RECORDED INFORMATION:
******
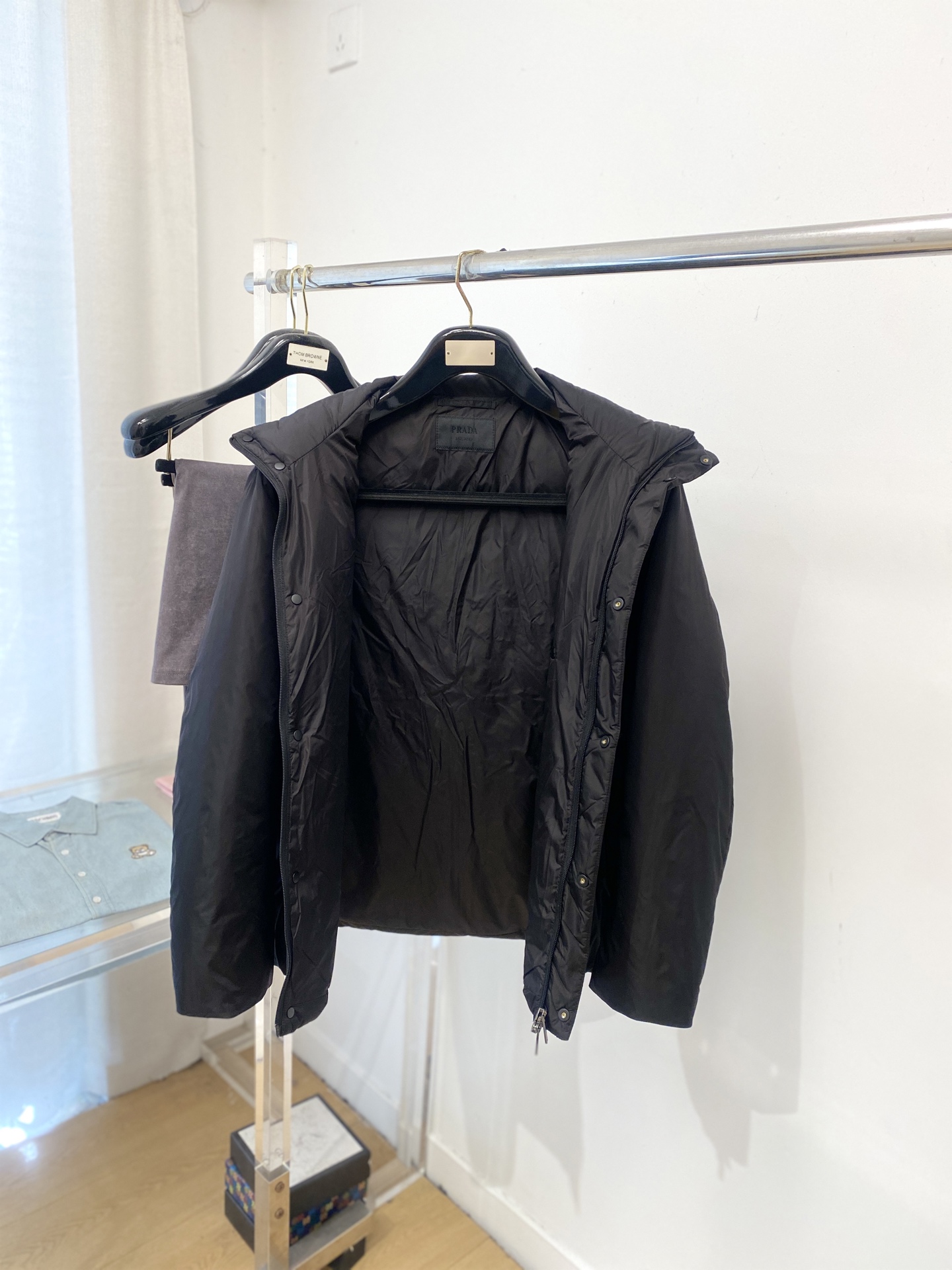 普拉达、2025最新款男士轻薄羽绒夹克、面料柔软舒适 ．上身版型超赞 ．拉链．辅料都是客供 、进口面料，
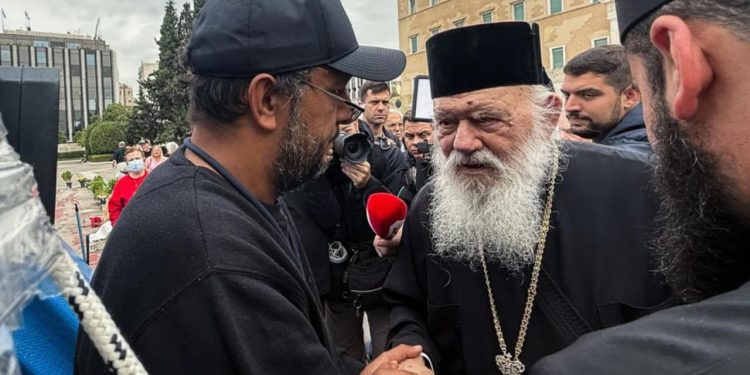 Babai në grevë urie për 22 ditë, prokuroria greke pritet të aprovojë sot kërkesën për nxjerrjen e trupit të Denis Rucit.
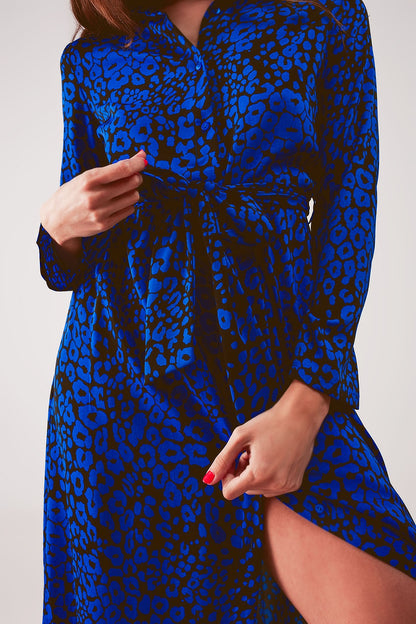 Vestido camisero largo azul con estampado animal y cinturón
******
EXERCISE BRIEF:
The whole listing is to be written out exactly; the pictures stay out of the copy.

THE COMPLETED TASK:
 普拉达、2025最新款男士轻薄羽绒夹克、面料柔软舒适 ．上身版型超赞 ．拉链．辅料都是客供 、进口面料，
 Babai në grevë urie për 22 ditë, prokuroria greke pritet të aprovojë sot kërkesën për nxjerrjen e trupit të Denis Rucit.
 Vestido camisero largo azul con estampado animal y cinturón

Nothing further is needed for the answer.